Twitter, Foursquare, and the Interface API Strategy

This post is prompted by Gowalla’s recent announcement of a read-only API.

Twitter users often describe the service as “Facebook status updates by itself, without the other stuff”.  This description is my favorite way to talk about the strategy behind Twitter’s design and their API, and what this strategy means for other startups charting a similar course.

Here’s my short version of the Interface API Strategy to World Domination:

Phase 1: Build a service around a single UI interaction (“What are you doing?”) and some basic but useful infrastructure (followers)

Phase 2: Leverage the simple API to spur the development of clients across all platforms and new value for users

Phase 3: Become the Internet Standard for your interaction and the resulting data

Phase 4: Profit.

It’s way more fun than collecting underpants.  By optimizing for a simple API focused on on user interaction, you get a hoard of hackers, hobbyists, and entrepreneurs who want to play in this arena fighting by your side, as well as the possibility that the progressive executive in that old media company will understand, without a 30 minute presentation, the kick-ass opportunities your service offers.  Twitter is already well on their way to becoming a standard interface on the web; I think they have small form distribution in the bag.

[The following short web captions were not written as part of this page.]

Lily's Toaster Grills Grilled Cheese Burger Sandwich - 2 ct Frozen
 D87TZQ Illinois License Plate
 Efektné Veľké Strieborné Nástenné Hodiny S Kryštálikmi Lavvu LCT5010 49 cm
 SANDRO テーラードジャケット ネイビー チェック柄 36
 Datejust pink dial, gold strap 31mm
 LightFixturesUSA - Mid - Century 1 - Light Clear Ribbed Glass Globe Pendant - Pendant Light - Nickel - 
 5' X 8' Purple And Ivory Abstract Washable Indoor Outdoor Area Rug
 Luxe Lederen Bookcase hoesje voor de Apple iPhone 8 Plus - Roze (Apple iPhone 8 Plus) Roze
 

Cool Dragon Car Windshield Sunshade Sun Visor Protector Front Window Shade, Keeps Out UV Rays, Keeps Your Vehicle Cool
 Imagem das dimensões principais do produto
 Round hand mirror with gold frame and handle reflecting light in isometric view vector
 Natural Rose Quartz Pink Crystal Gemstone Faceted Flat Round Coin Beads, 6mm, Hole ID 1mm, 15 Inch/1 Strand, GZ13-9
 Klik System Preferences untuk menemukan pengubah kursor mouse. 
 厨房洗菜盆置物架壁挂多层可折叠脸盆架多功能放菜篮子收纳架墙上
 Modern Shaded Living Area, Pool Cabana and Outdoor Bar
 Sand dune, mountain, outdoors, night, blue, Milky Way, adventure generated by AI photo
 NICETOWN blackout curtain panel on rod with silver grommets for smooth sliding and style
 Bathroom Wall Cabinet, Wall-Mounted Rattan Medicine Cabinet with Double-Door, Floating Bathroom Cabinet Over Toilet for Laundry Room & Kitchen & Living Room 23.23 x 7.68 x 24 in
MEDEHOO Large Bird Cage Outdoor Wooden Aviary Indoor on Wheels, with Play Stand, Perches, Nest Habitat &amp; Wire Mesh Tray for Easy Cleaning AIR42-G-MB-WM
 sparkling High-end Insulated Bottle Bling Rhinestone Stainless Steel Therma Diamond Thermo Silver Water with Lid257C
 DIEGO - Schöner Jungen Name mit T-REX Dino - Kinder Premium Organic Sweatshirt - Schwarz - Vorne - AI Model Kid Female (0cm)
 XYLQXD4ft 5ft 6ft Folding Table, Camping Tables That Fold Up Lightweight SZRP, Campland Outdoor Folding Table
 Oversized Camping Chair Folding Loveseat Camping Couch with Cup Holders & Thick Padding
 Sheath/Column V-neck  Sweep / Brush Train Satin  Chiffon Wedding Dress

But now, we shall look into the (near) Future!  The next interface API victory story will be a location check-in service.  A once exciting web service cage match between newcomers Foursquare and Gowalla is proving to be something of a rout, with the scrappy and lean Foursquare announcing a new Old Media partnership every couple days or so, while Gowalla, laden down with a lot of new cash, fails to respond with a proper API.

Foursquare’s API, a huge driver of the service’s success, has all the characteristics of a winning design: their database structure is easy to understand, especially if you’ve used the service even once, and they allow full read/write access to almost every object.  Gowalla’s object structure is similarly straightforward, so they have the cash and the position to compete, but until they open up write access, we only have one location check-in interface API in the ring.

Check-ins: check.  What’s the next simple interface API?